Pada pertengahan Februari lalu ehef.id berkesempatan untuk melakukan live interview dengan Caroline Manik, atau yang biasa dipanggil Olin. Olin adalah alumni Erasmus+ Joint Master Degree untuk program Economics of Globalisation and European Integration.
Yuk, kita kenalan lebih jauh dengan Olin.
Olin berasal dari Porsea, Sumatera Utara, sekolah SMA di Matauli, Sibolga, dan lulus S1 dari jurusan Ekonomi Universitas Gajah Mada (UGM). Sewaktu sekolah, SMA Olin yang bekerjasama dengan Goethe Institute, memberikan kesempatan menghadiri summer school di Jerman untuk 3 orang siswa yang mengikuti kelas intensif bahasa Jerman.
Untuk info kuliah di Jerman, klik di sini.
Olin pun mendaftar program summer school ini, terutama karena sering mendengar kalau kualitas pendidikan di Eropa terkenal bagus. Ternyata, nama Olin masuk menjadi orang ke-4, dan tidak bisa berangkat untuk program summer school tersebut.
Motivasi yang sama ini membawa Olin untuk rajin mencari informasi semasa kuliah S1 di Yogyakarta. International Office UGM menjalin banyak kerjasama bilateral dengan berbagai universitas di luar negeri.
“Seperti datang ke all-you-can-eat buffet, semua informasi ada di sana. Pertanyaannya hanya kita mau mengurus persyaratannya atau tidak” tutur Olin.
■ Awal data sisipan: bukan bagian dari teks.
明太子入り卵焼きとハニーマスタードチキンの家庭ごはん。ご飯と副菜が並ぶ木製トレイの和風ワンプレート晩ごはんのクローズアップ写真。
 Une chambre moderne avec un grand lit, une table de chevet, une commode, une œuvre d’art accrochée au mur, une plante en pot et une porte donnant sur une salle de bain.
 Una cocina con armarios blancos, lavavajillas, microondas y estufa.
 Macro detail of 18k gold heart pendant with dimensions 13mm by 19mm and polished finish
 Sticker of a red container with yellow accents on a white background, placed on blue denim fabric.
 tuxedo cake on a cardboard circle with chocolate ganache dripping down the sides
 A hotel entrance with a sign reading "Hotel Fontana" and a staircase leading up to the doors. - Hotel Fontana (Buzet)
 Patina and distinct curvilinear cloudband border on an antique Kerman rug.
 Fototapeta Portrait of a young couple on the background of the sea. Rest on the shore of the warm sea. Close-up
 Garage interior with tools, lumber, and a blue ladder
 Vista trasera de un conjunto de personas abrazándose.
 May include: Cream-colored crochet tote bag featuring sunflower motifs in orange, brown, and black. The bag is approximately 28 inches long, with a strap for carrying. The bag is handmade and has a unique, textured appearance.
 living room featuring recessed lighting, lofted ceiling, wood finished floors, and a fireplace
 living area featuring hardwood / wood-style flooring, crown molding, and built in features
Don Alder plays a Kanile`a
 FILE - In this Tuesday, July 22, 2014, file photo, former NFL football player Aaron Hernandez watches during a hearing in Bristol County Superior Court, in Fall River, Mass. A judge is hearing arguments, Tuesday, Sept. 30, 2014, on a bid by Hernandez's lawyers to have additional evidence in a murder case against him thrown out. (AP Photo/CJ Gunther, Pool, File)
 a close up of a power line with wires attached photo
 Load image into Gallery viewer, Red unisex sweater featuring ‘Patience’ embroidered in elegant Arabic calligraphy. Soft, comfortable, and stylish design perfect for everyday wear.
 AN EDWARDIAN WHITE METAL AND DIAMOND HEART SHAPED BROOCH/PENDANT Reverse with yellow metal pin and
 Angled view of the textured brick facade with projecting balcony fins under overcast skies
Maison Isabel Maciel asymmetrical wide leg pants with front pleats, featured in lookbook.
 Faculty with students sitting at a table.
Dari sini Olin mendapatkan informasi mengenai dibukanya pertukaran pelajar ke Fukuoka, Jepang. Olin lolos dalam program tersebut, dan ketika diinformasikan lolos suatu program, pendaftar harus membalas email dengan menyatakan apakah bersedia atau tidak. Waktu itu Olin langsung membalas email untuk mengkonfirmasi kesediaannya.
Setelah menerima untuk ke Jepang, ternyata Olin mendapat email yang menyatakan lolos program pertukaran pelajar ke Eropa dari Erasmus+. Sayangnya kesempatan ke Eropa ini tidak bisa diambil karena Olin sudah mengiyakan untuk ikut program ke Jepang.
Sepulang dari Fukuoka, Olin yang masih penasaran dengan Eropa, kembali mencoba program pertukaran pelajar ke Eropa. Hingga akhirnya diterima program Erasmus+ untuk mengikuti pertukaran ke Paris.
Dari seluruh pengalaman saat S1 ini, Olin belajar kalau ada keinginan harus dicoba dulu ke semua channel / link yang ada. Kalau kita benar-benar mencoba pasti ada 1 atau 2 yang lolos.
Untuk info lengkap kuliah di Prancis, klik di sini.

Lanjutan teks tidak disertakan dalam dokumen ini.